- **Records supplied**:
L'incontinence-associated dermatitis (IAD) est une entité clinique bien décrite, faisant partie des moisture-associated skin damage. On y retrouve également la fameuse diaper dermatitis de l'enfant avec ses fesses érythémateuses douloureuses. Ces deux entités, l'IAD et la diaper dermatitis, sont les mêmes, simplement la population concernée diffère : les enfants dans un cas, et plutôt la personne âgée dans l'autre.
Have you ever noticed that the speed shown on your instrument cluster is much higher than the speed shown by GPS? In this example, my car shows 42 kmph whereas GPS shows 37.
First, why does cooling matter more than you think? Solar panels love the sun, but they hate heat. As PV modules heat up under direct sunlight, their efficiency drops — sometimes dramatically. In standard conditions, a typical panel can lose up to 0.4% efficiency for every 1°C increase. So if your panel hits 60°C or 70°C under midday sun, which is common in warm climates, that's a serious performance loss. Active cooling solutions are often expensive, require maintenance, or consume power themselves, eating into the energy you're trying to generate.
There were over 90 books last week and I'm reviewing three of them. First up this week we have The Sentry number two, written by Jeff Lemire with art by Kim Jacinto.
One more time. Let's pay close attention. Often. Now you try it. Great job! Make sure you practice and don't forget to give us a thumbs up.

- **Problem to solve**: Exact retyping of every entry is required.

- **Solved exercise**:
L'incontinence-associated dermatitis (IAD) est une entité clinique bien décrite, faisant partie des moisture-associated skin damage. On y retrouve également la fameuse diaper dermatitis de l'enfant avec ses fesses érythémateuses douloureuses. Ces deux entités, l'IAD et la diaper dermatitis, sont les mêmes, simplement la population concernée diffère : les enfants dans un cas, et plutôt la personne âgée dans l'autre.
Have you ever noticed that the speed shown on your instrument cluster is much higher than the speed shown by GPS? In this example, my car shows 42 kmph whereas GPS shows 37.
First, why does cooling matter more than you think? Solar panels love the sun, but they hate heat. As PV modules heat up under direct sunlight, their efficiency drops — sometimes dramatically. In standard conditions, a typical panel can lose up to 0.4% efficiency for every 1°C increase. So if your panel hits 60°C or 70°C under midday sun, which is common in warm climates, that's a serious performance loss. Active cooling solutions are often expensive, require maintenance, or consume power themselves, eating into the energy you're trying to generate.
There were over 90 books last week and I'm reviewing three of them. First up this week we have The Sentry number two, written by Jeff Lemire with art by Kim Jacinto.
One more time. Let's pay close attention. Often. Now you try it. Great job! Make sure you practice and don't forget to give us a thumbs up.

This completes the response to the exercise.